Frequency plot smoothing

Hi,

I’m playing around with augur frequency, and two questions came up:

  1. I was wondering if and how internal nodes and branches are taken into account to calculate frequencies deeper in the tree, where actual tips are not available for frequency estimations. Are both internal nodes and branches taken into account? Is each of these elements counted as one occurrence of that trait being measured?

  2. Is there any other parameter one can change to obtain more accurate frequency curves? By playing with narrow_bandwidth (0.005 - 0.5, picture below), I got distinct smoothed curves. What other parameters could be tuned to get more accurate plots?

Thank you

Hi @andersonbrito!

  1. I was wondering if and how internal nodes and branches are taken into account to calculate frequencies deeper in the tree, where actual tips are not available for frequency estimations. Are both taken into account? Is each of these elements counted as one occurrence of that trait being measured?

Only individual tips contribute to the frequencies calculations. The frequencies shown at any given point in time reflect the sum of tip frequencies at that time. This means the frequencies panel can never show frequency estimates prior to the earliest tip in the tree. If you are interested in more details about how these frequencies are calculated, check out this draft how-to guide on how to calculate change in clade frequencies.

If you use the --include-internal-nodes flag, Augur will calculate the frequency of each internal node in the tree as the sum of its children tips at each timepoint. We don’t use this flag for any Nextstrain builds, but it can be helpful for custom downstream analyses.

  1. Is there any other parameter one can change to obtain more accurate frequency curves? By playing with narrow_bandwidth (0.005 - 0.5, picture below), I got distinct smoothed curves. What other parameters could be tuned to get more accurate plots?

Any of the following parameters will allow you to tune the smoothness of your frequency estimates:

  1. --pivot-interval: the number of discrete time steps between each timepoint that frequencies are estimated. Increasing this value can smooth out the frequency curves by sampling at fewer timepoints.

  2. --pivot-interval-units (added in Augur 10.3.0): the units of the pivot interval values above in either “months” or “weeks”. When used with the --pivot-interval argument, this argument allows you to increase or decrease the number of timepoints when you estimate frequencies.

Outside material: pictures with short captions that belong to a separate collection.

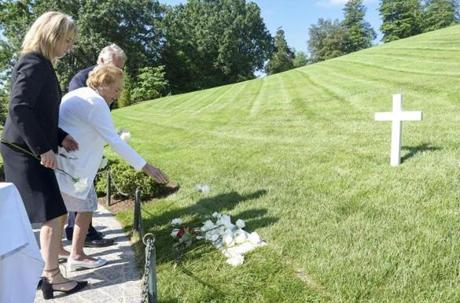 Ethel Kennedy, flanked by her children Rory and Christopher, placed flowers on the marble tombstone marking the grave of her husband, Robert F. Kennedy, Wednesday in Arlington National Cemetery. 
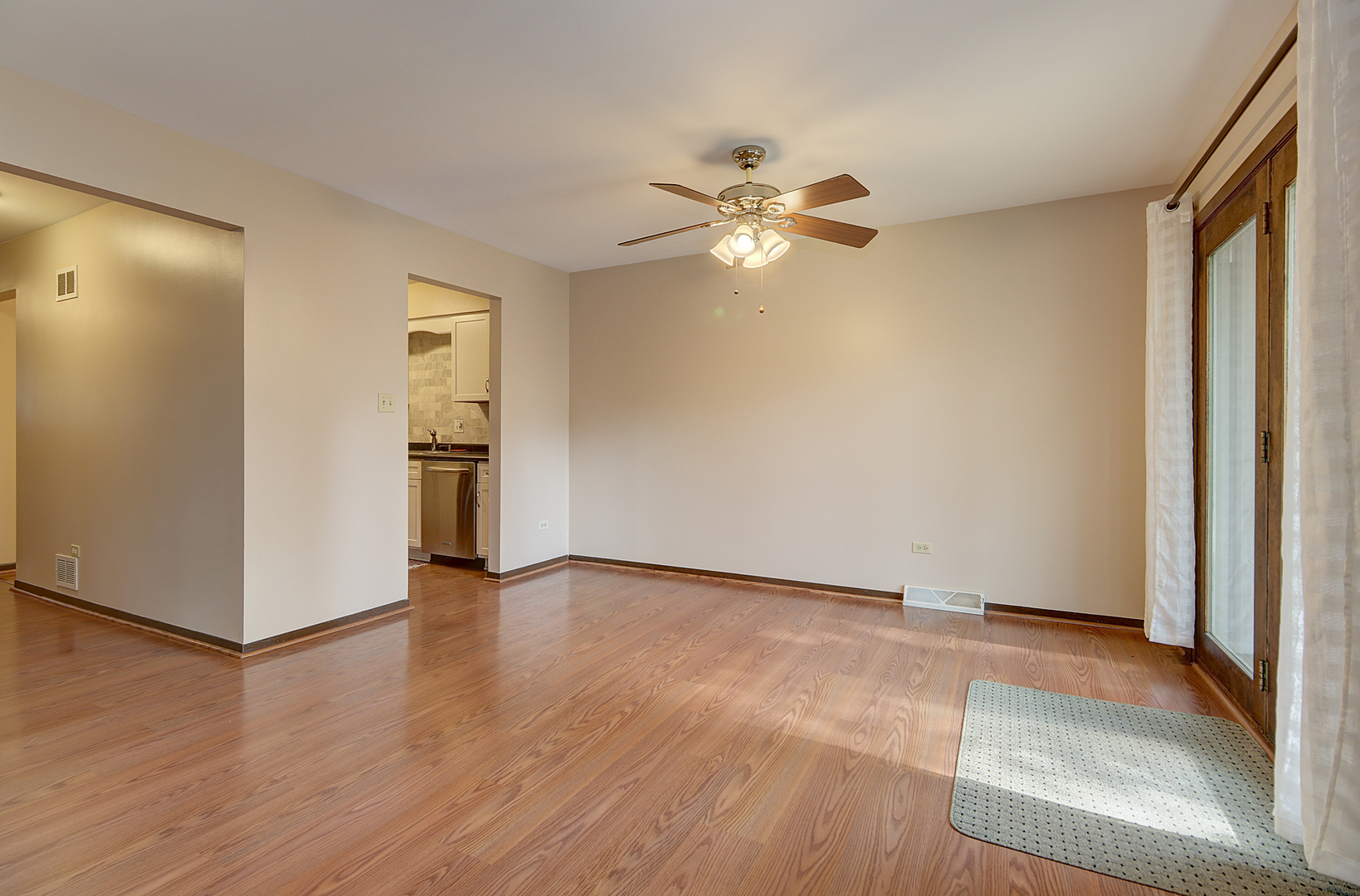 14801 South Penn Road Plainfield, IL 60544 - Photo 7 of 18 wooden floor in an empty room with a window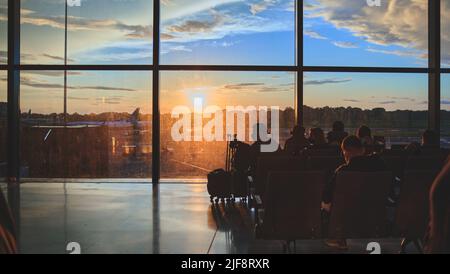 Leere Stühle in der Abflughalle des Flughafens. Nicht erkennbare Menschen verschwimmen. Stockfoto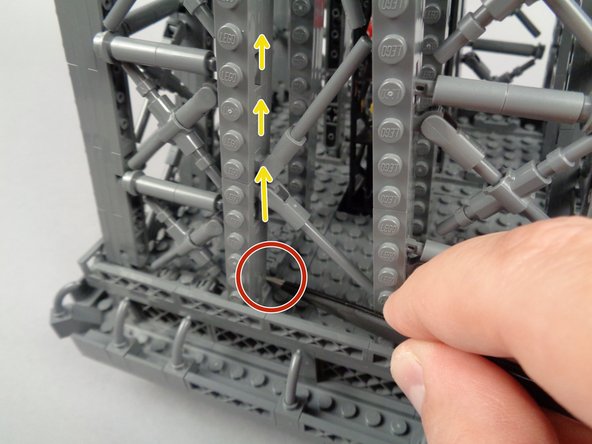 Finish removing the rear panel by pressing down with the tweezers on the left and right side base (red circle in the first and second photos) while pulling up on the rear panel (yellow arrows in both photos).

  3. --narrow-bandwidth: controls the bandwidth of the initial KDE normal distribution calculated for each tip. Each tip gets a normal distribution and the frequency of all tips at a given time is the value of each tip’s normal distribution at that time normalized to sum to 1. (See the draft how-to guide mentioned above for more details.)

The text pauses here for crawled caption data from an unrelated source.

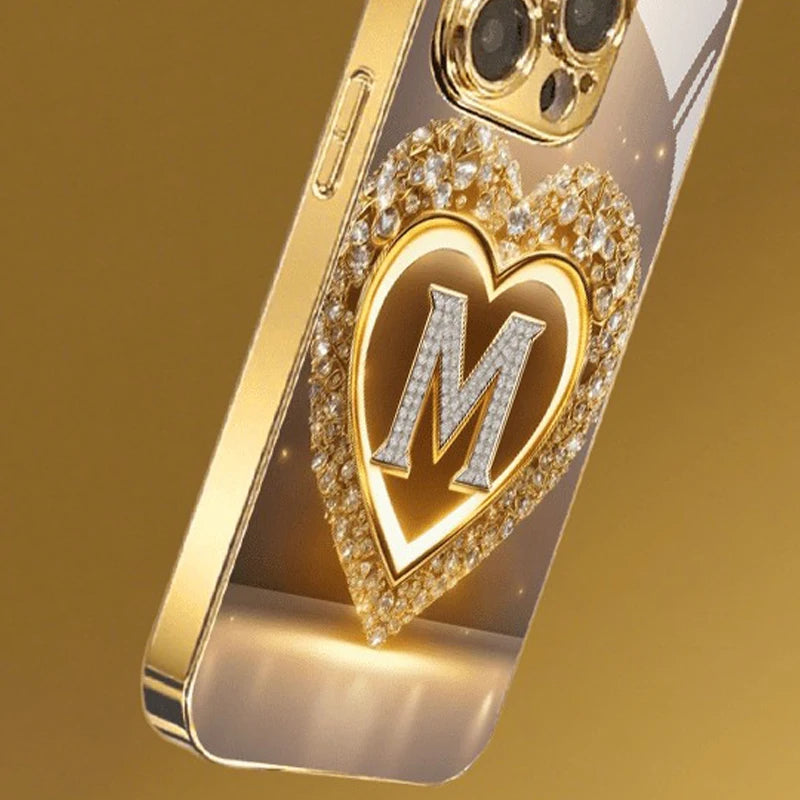 Sparkling Heart Letter M Metallic Glass Phone Case for iPhone 17, 16, 15, 14, 13, 12, 11 Pro Max, Plus, 17 Air, 16E Cover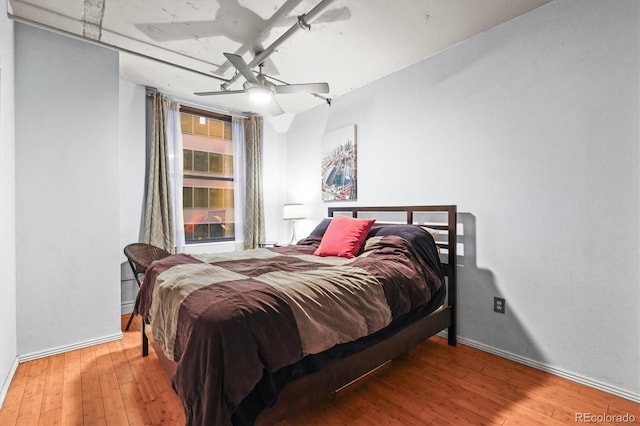 444 17th St Unit 603, Denver, CO 80202 - bedroom featuring baseboards, wood finished floors, and a ceiling fan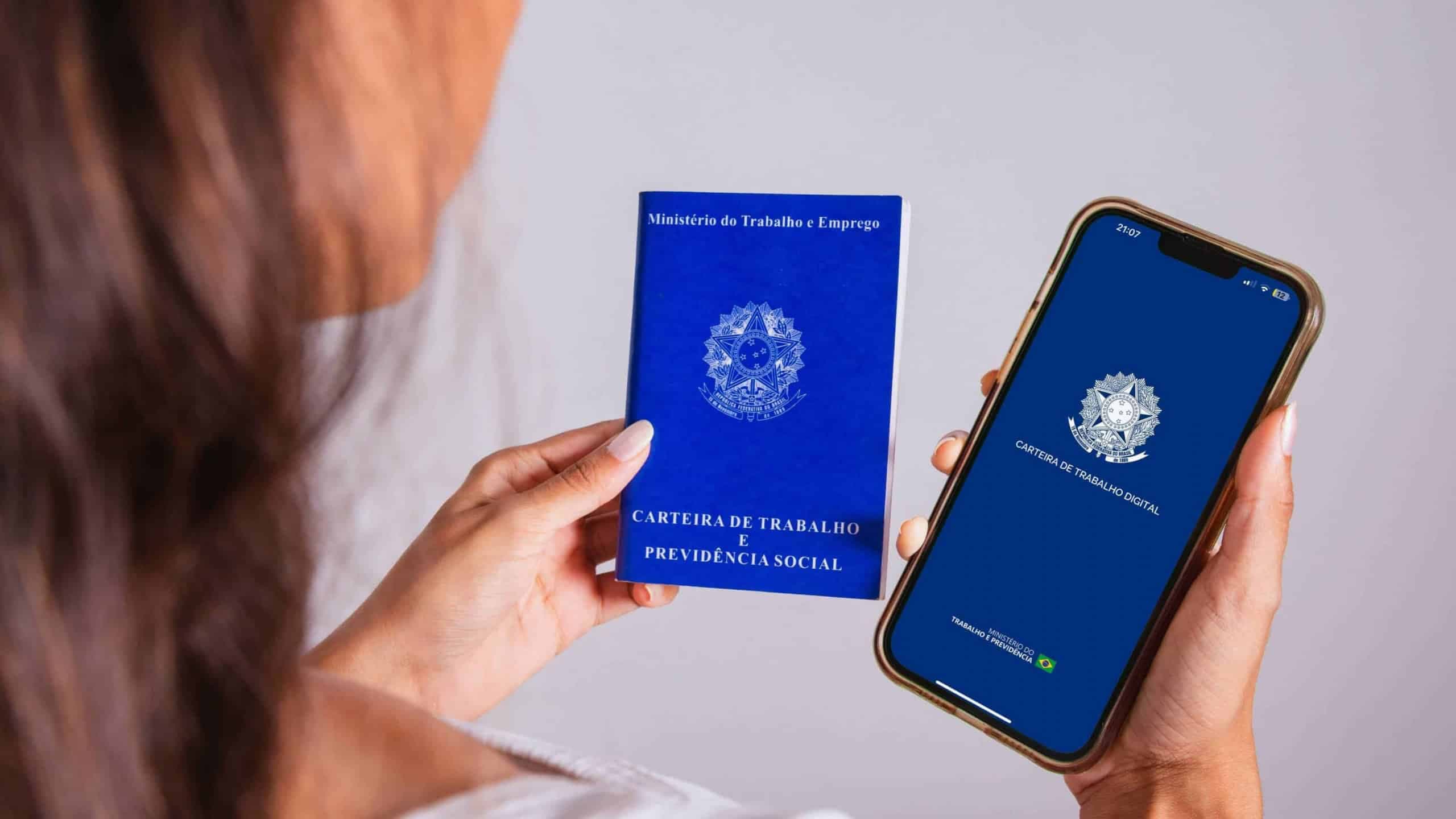 Mulher segurando uma carteira de trabalho e um celular com o aplicativo da carteira de trabalho(Imagem por Pedro Ignacio - Shutterstock)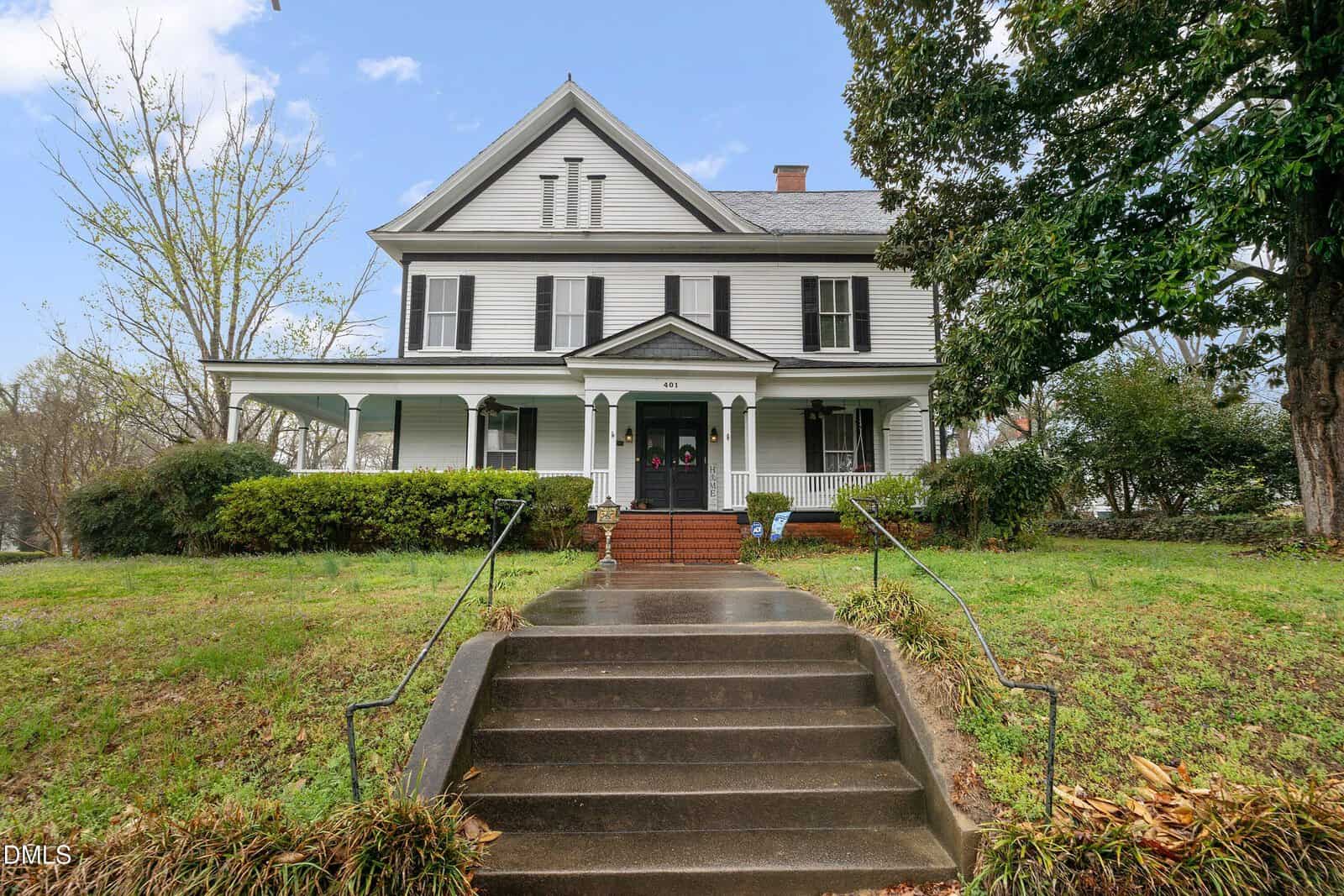 A two-story white Victorian house with black shutters, a covered front porch, and brick steps leading up from a sidewalk on a grassy lawn, surrounded by trees and shrubs.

  4. --wide-bandwidth: controls the bandwidth of an optional second KDE normal distribution that is added to the initial distribution by a proportion specified by the --proportion-wide argument. We typically use this second KDE distribution with a wider bandwidth to provide slightly longer tails to the initial normal distribution. We don’t use this argument often, in practice, but it could be helpful for tuning.

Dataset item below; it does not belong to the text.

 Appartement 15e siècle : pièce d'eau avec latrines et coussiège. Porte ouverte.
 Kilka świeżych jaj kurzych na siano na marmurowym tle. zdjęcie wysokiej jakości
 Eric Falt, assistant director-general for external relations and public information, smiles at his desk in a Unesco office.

  5. --proportion-wide: controls the proportion of the wide (second) KDE distribution that gets added to the narrow (initial) distribution for each tip at each timepoint.

Whether any specific parameters provide “the most accurate” estimate of frequencies is an open question. For influenza A/H3N2 analyses, we’ve tuned these parameters to optimize the accuracy of our forecasting models. For SARS-CoV-2, I think you would need to establish an independent baseline of truth to tune your parameters against.

Hey @jlhudd,
I’ll check those parameters, and read more details in the how-to guide you shared.
Thank you for your thorough answer.

Great!

When I tried looking at the frequencies.json files I didn’t understand anything, but now with your
guide it became very clear, and I could easily compute some tip frequencies for the sequences I am adding dynamically (in javascript) to the tree and add the frequency panel to my app.

Thanks to the “normalize frequencies” button in auspice I don’t really care that my tip frequencies are just some Gaussians with fixed std and mean at the tip date, and that they don’t sum to 1.